Clause 10: One or more computer-readable mediums including instructions that, when executed by one or more processors, cause one or more computers to perform operations for estimating elasticity of a formation, the instructions comprising: instructions to determine, via a neural network, mapping parameters based on respective drill bit vibrations for each of a plurality of respective frequency bands and a rate of penetration included in drilling data; and instructions to estimate, by a physics-based model, the elasticity of the formation based on stress and strain representatives mapped via the mapping parameters from the respective drill bit vibrations and the rate of penetration of a drill bit during a drilling run in the formation.
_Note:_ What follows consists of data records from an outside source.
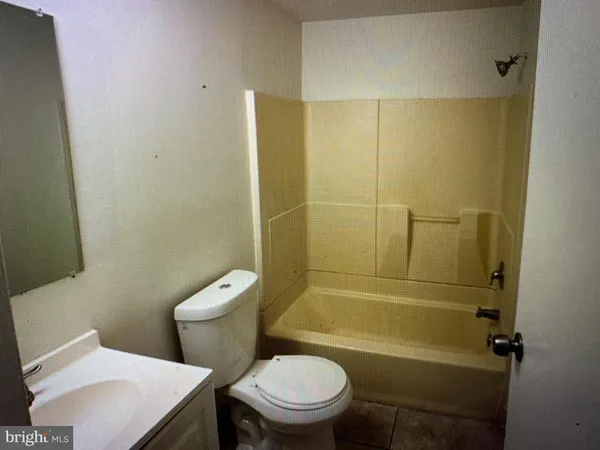$1,875 | 502 Bromley, Clementon, NJ 08021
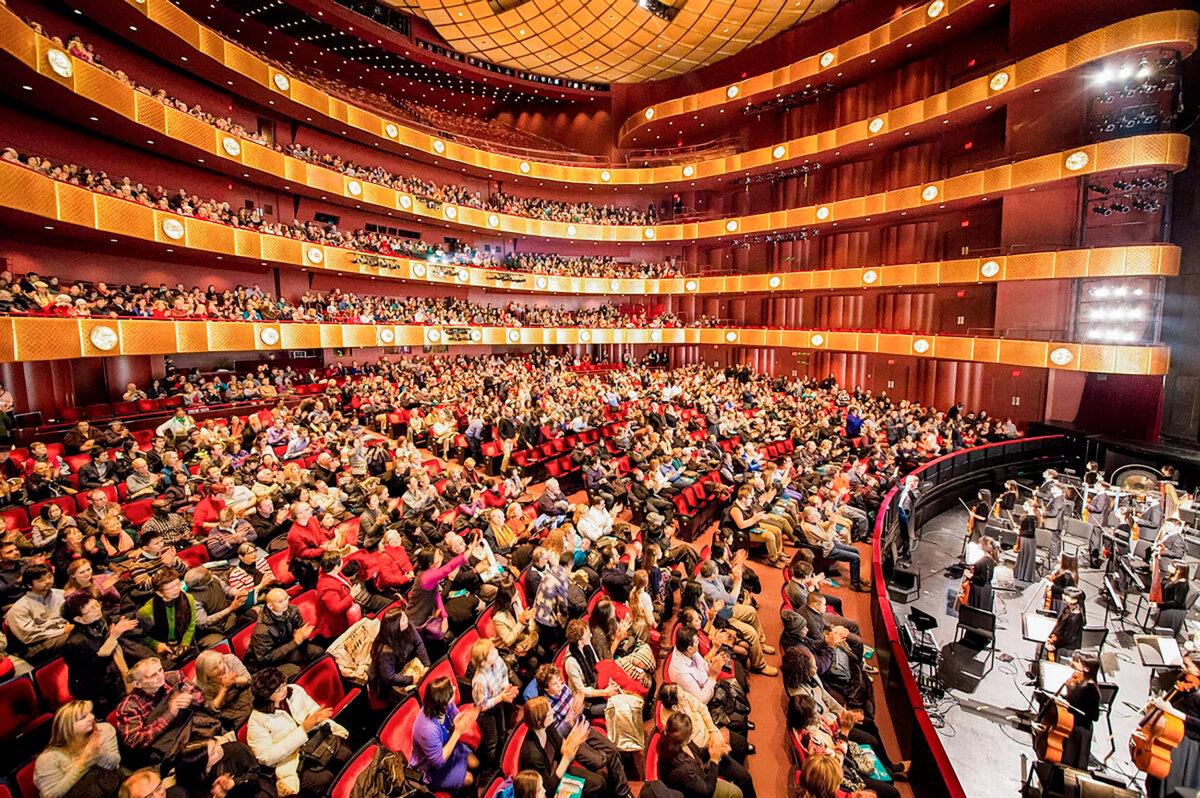 The curtain call for Shen Yun Performing Arts at the David H. Koch Theater at Lincoln Center in New York City on Jan 11, 2015. (Larry Dai/Epoch Times)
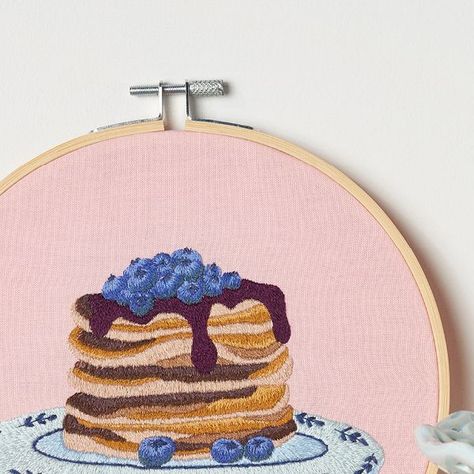 Love Embroidery on Instagram: "Let the countdown begin – Pancake Day is just 13 days away! 😋 We asked @georgie.k.emery to whip up a pancake-themed hoop for our latest issue (issue 49) and she did NOT disappoint – this delic' design uses Long and Short Stitch to depict a scrumptious stack of treats topped with blueberries and syrup 🥞 Grab a copy of issue 49 via the link in our bio and stitch your own stack 🔗 #embroideryart #loveembroidery #valentines #loveembroiderymag #spring #embroidery #embroiderywork #cosycraft #madebyme #nationalembroiderymonth #springday #pancakes #pancakesunday #pancakeday #blueberrypancakes #chefing #chefsofig #DMC" Pancake Embroidery, Long And Short Embroidery Designs, Blueberry Embroidery, Let The Countdown Begin, Spring Embroidery, Long And Short Stitch, Love Embroidery, Pancake Day, Gift Inspo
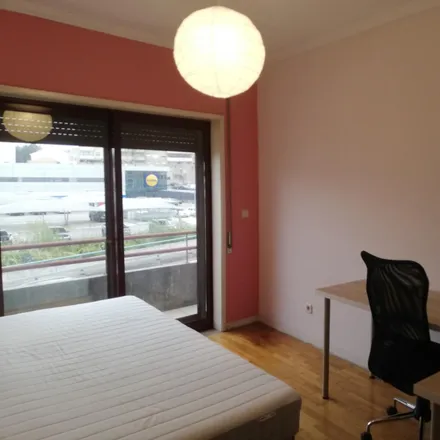 Rent this 4 bed apartment on Rot. da Areosa in Estrada Exterior da Circunvalação, 4435-183 Rio Tinto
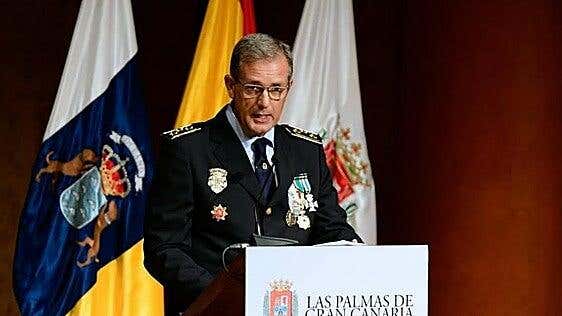 Revolcón en la Policía Local de Las Palmas de Gran Canaria: el juez obliga reponer al mando al exjefe Carlos Saavedra Brichis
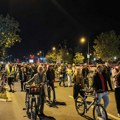Novosađani komemorativnom šetnjom obeležavaju 23 meseca od pada nadstrešnice u Novom Sadu
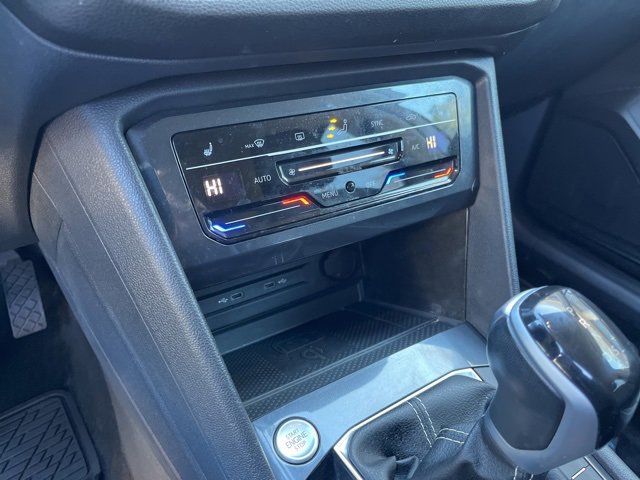 Used 2024 Volkswagen Tiguan SE image 25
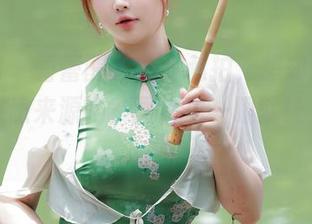 秀人网 - 蕾蕾醒了没的私拍，想知道这套装的灵感来源吗？图片里一眼就让人浮想联翩。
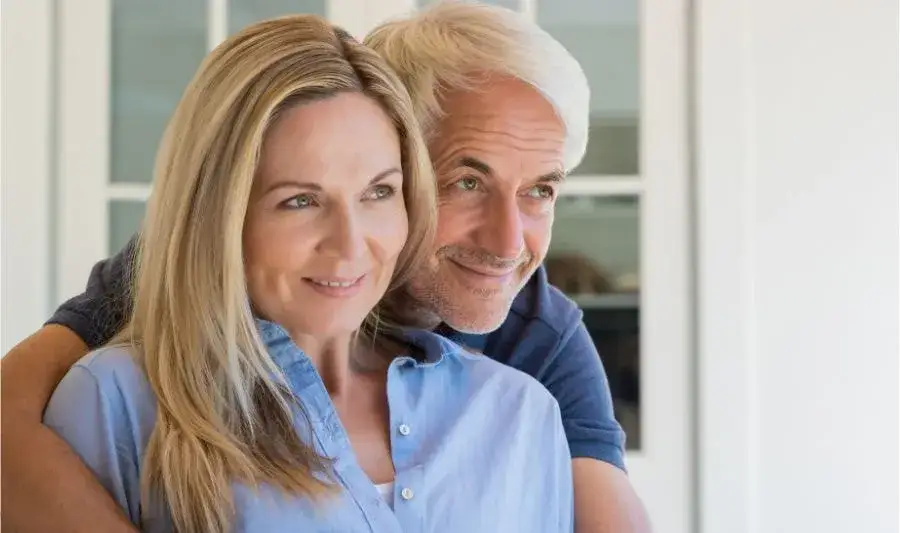 Jak zachowuje się zakochany facet po 60 - emocje i zachowania w miłości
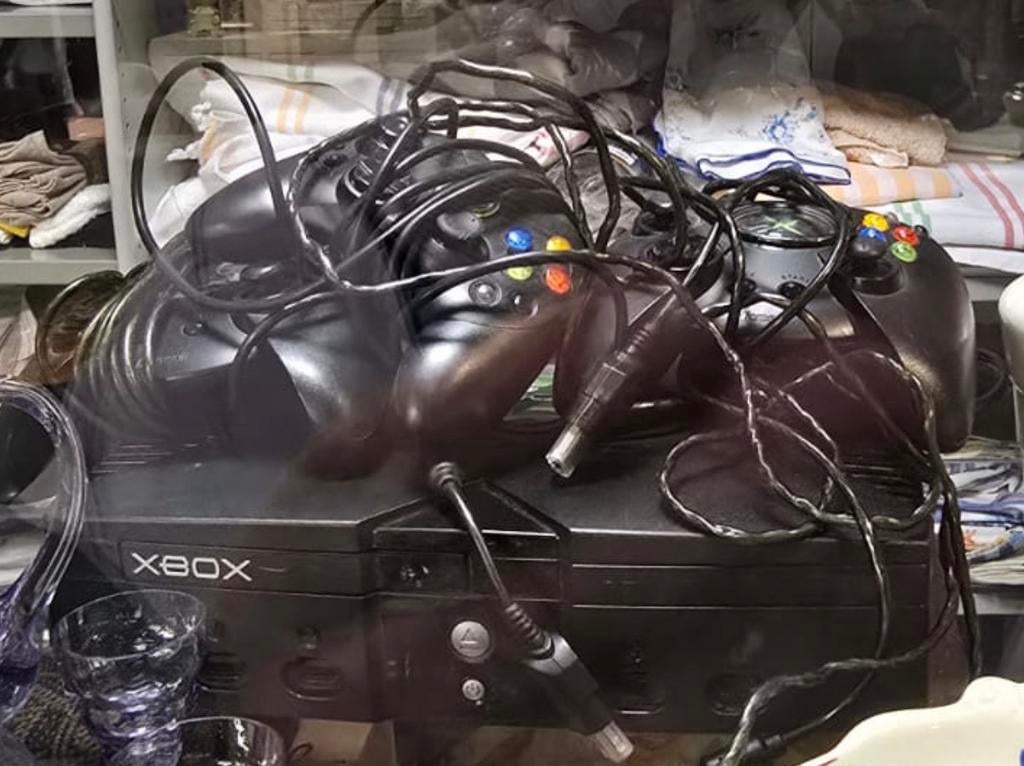 Xbox (Classic) met 3 controllers, Spelcomputers en Games, Ophalen of Verzenden, Zo goed als nieuw, Met 3 controllers of meer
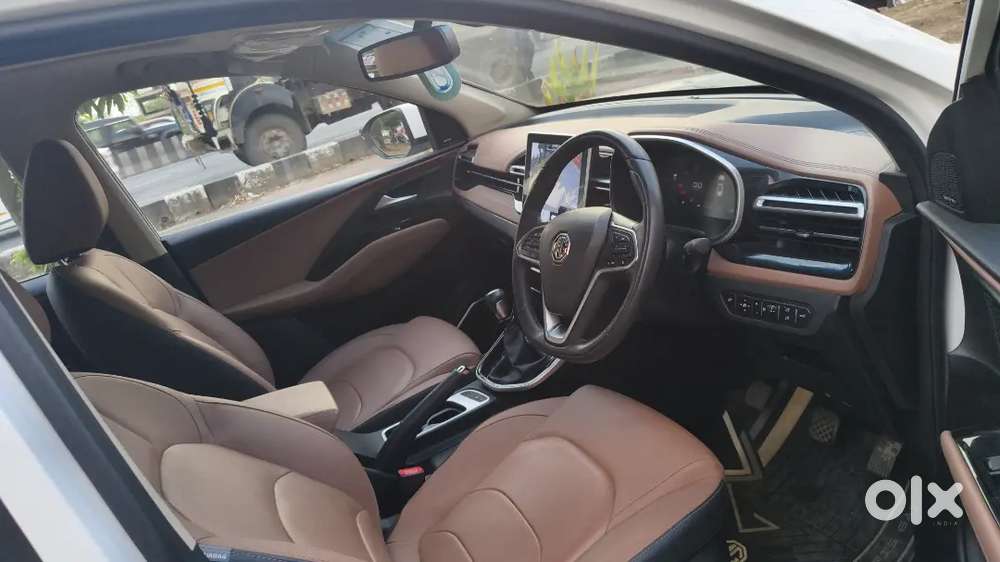 Mg Hector Plus 2024 Petrol Manual 5853 Km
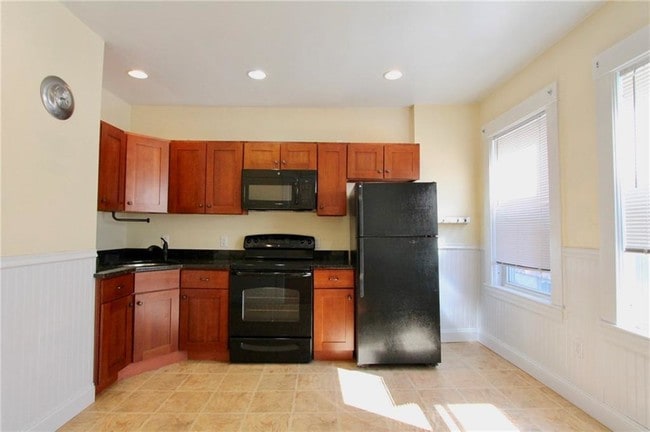 Photo - 23 Bedlow Ave Unidad 1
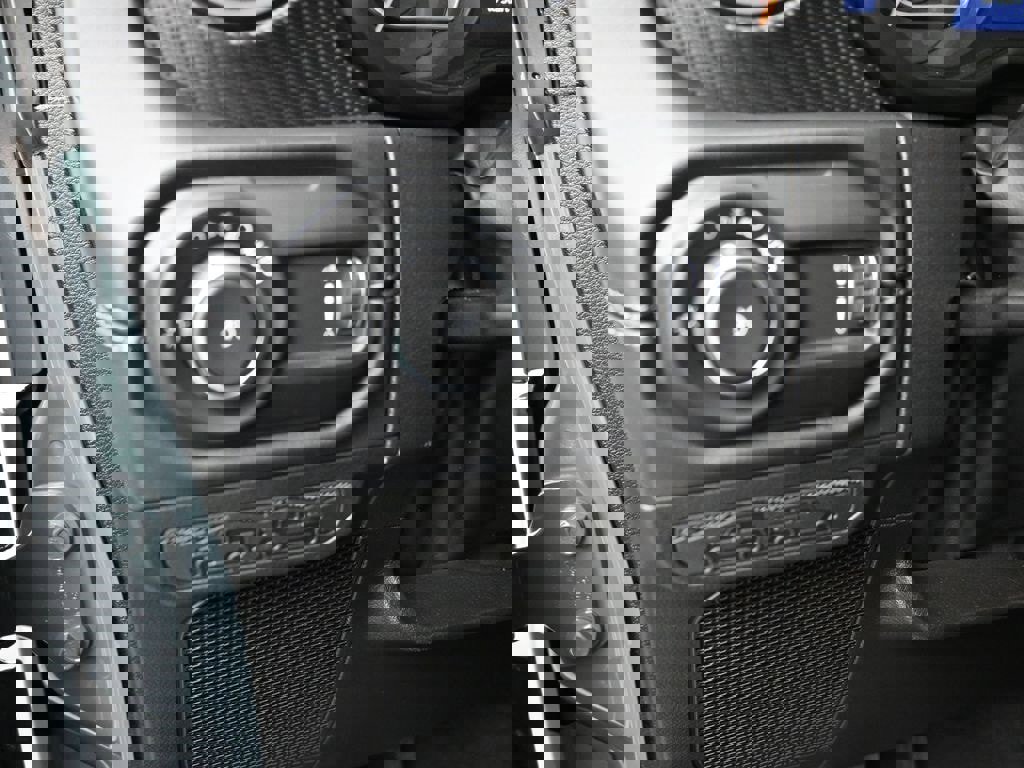 New 2025 Jeep Wrangler Unlimited Rubicon image 12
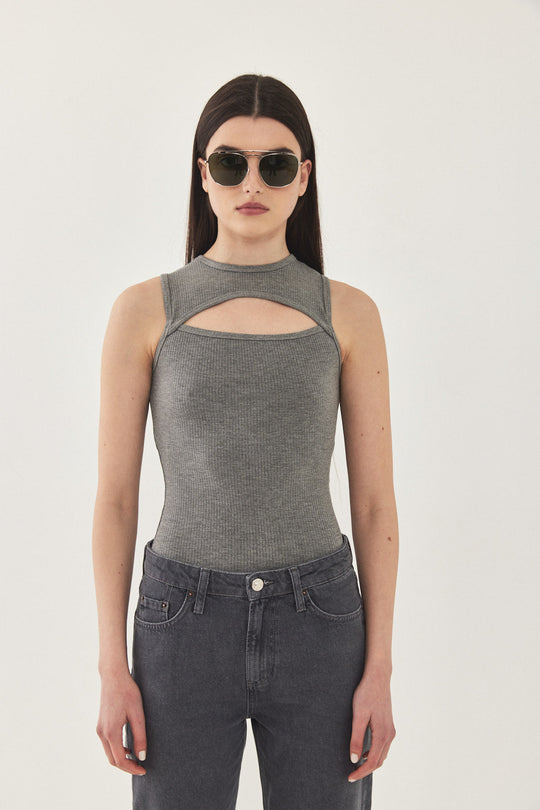 Frontal Cut Out Ribbed Tank Top - Dé Rococo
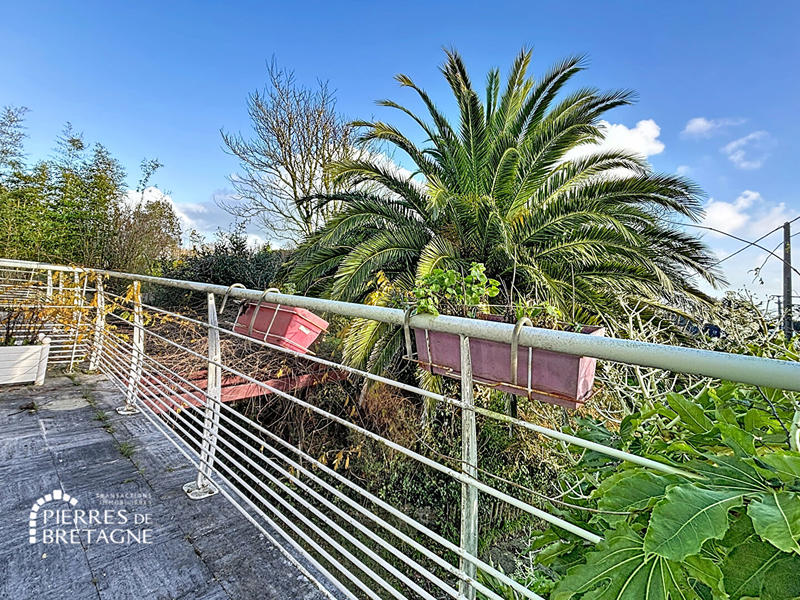 Maison - 154 m² - 9 pièces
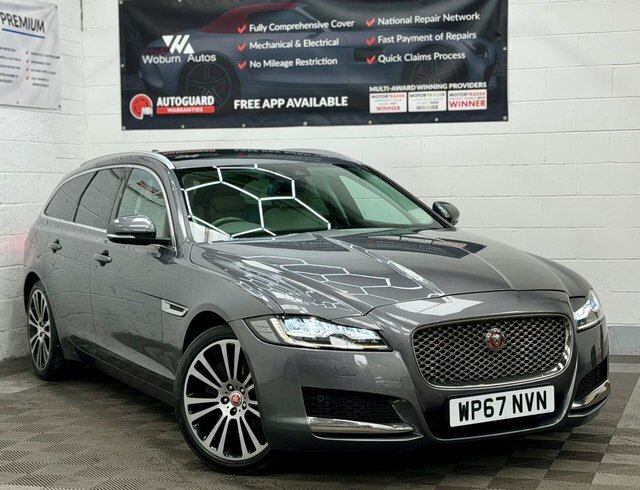 Jaguar XF R-dynamic Se Black White #1
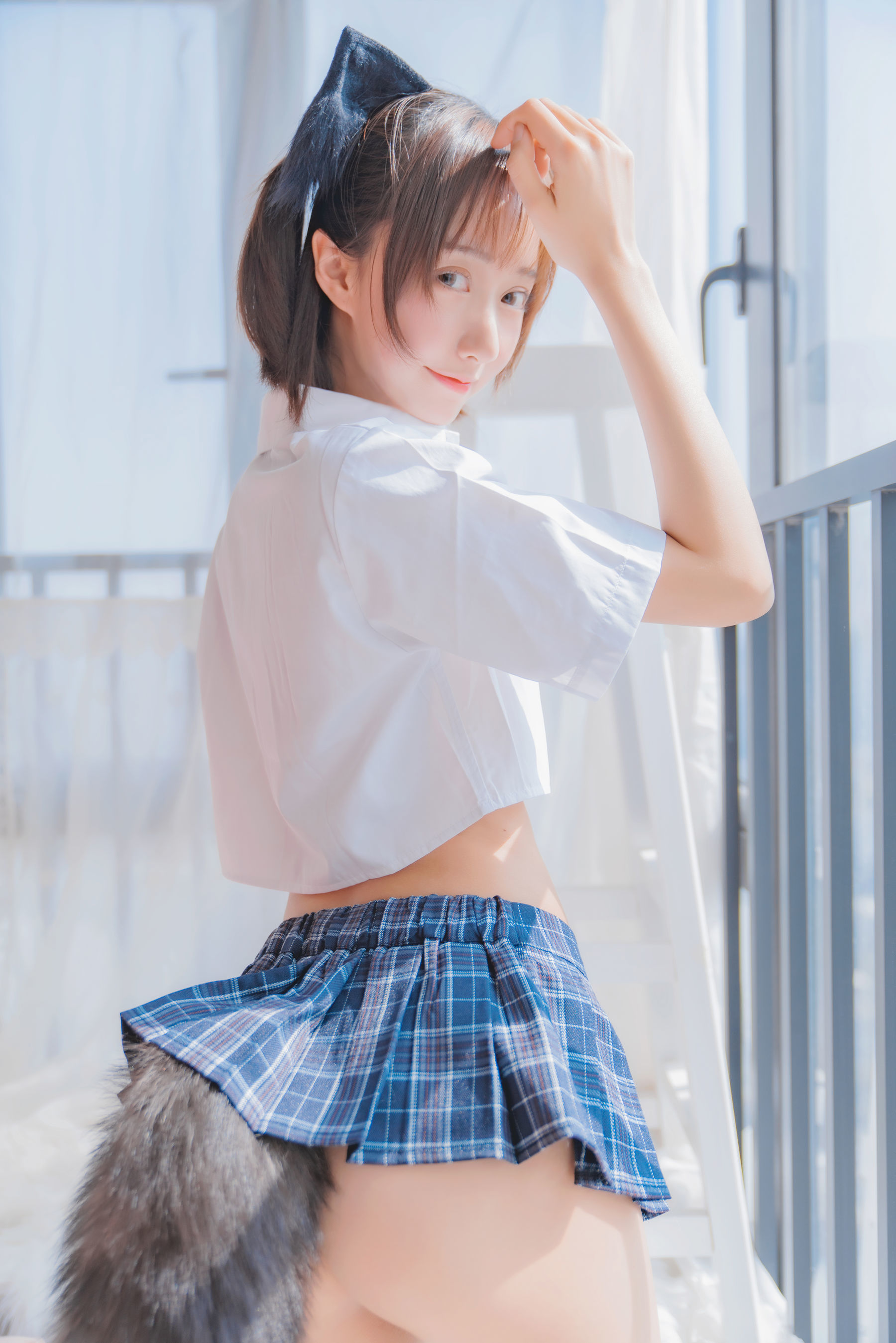 COS Welfare] Moe-style Big Sister Mu MianMian OwO - Cat in Arms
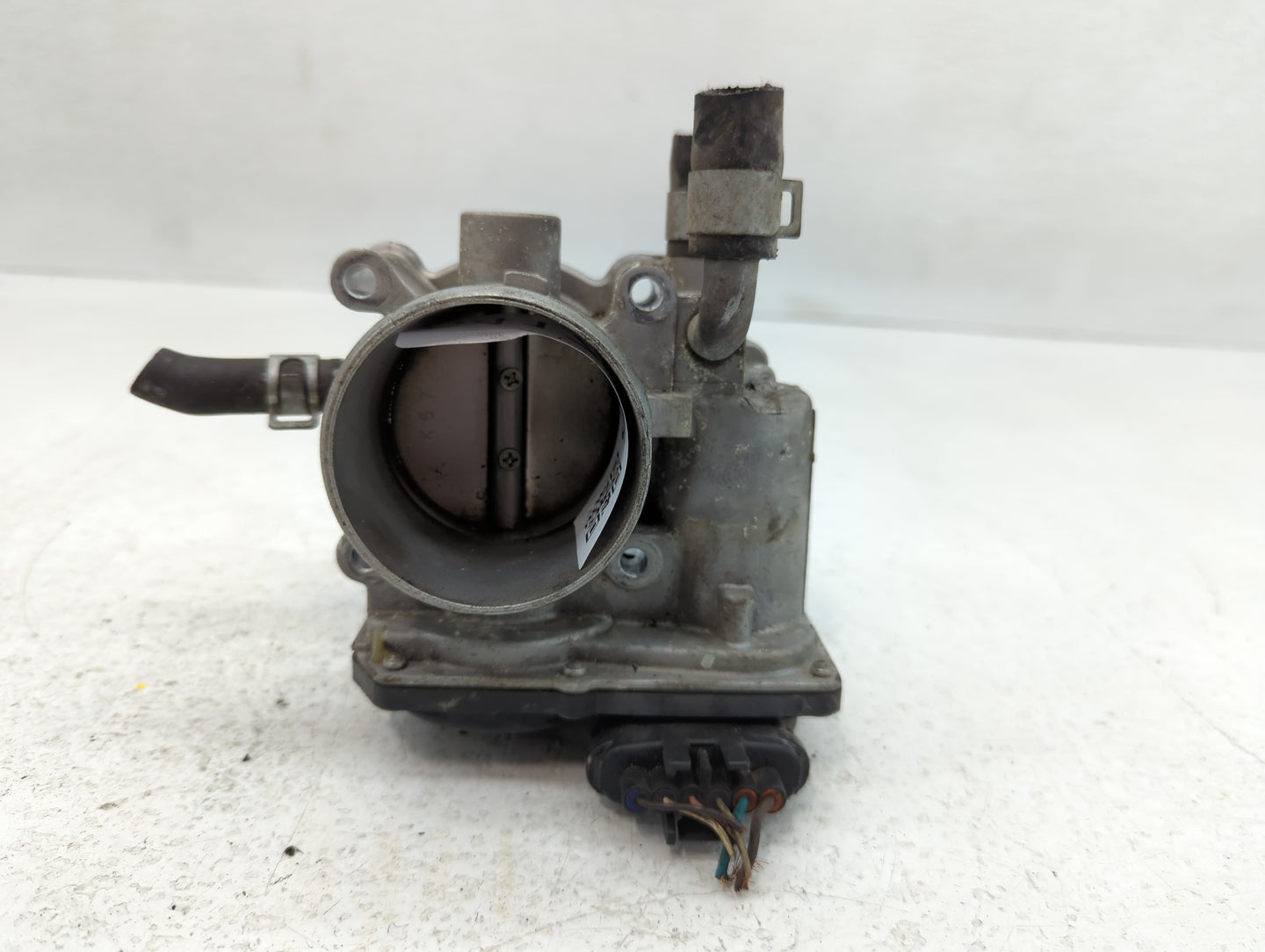 2012-2019 Kia Rio Throttle Body P/N:35100-2B300 Fits Fits 2012 2013 2014 2015 2016 2017 2018 2019 OEM Used Auto Parts - Oemu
Clause 11: The one or more computer-readable mediums of clause 10, the instructions further comprising: instructions to input into the neural network, for a selected one of the respective frequency bands, a two-dimensional probability distribution of the respective drill bit vibrations associated with the selected one of the respective frequency bands and the rate of penetration, wherein the determination of the mapping parameters for the stress and strain representatives are based on the two-dimensional probability distribution.
Clause 12: The one or more computer-readable mediums of any one or more of clauses 10-11, wherein each of the plurality of respective frequency bands is above a threshold frequency determined by vibration sampling frequency and drilling dysfunctions analysis.
Clause 13: The one or more computer-readable mediums of any one or more of clauses 10-12, wherein the elasticity of the formation is represented by at least one of Young's Modulus, Poisson's ratio, or anisotropy.
Clause 14: The one or more computer-readable mediums of any one or more of clauses 10-13, the instructions further comprising: instructions to train the neural network, the operations including instructions to input, into a first component of the neural network, a two-dimensional image indicating a two-dimensional probability distribution of the drilling data including a sequence of vibration values (Vibe Y/Z) and a sequence of rate of penetration (ROP) values.
Clause 15: The one or more computer-readable mediums of any one or more of clauses 10-14, wherein the neural network includes an input variational autoencoder (VAE) trained with drill bit vibration data and rate of penetration data from a plurality of geographic regions; and a latent space connector and an output VAE trained with drill bit vibration data, rate of penetration data, and mapping parameter data from one geographic region.
Clause 16: A system comprising: one or more processors; and one or more computer-readable mediums including instructions that, when executed by one or more processors, cause one or more computers to perform operations for estimating elasticity of a formation, the instructions including instructions to determine, via a neural network, mapping parameters based on respective drill bit vibrations for each of a plurality of respective frequency bands and a rate of penetration included in drilling data, and instructions to estimate, by a physics-based model, the elasticity of the formation based on stress and strain representatives mapped via the mapping parameters from the respective drill bit vibrations and the rate of penetration of a drill bit during a drilling run in the formation.
Clause 17: The system of clause 16, the instructions further comprising: instructions to input into the neural network, for a selected one of the respective frequency bands, a two-dimensional probability distribution of the respective drill bit vibrations associated with the selected one of the respective frequency bands and the rate of penetration, wherein the determination of the mapping parameters for the stress and strain representatives are based on the two-dimensional probability distribution.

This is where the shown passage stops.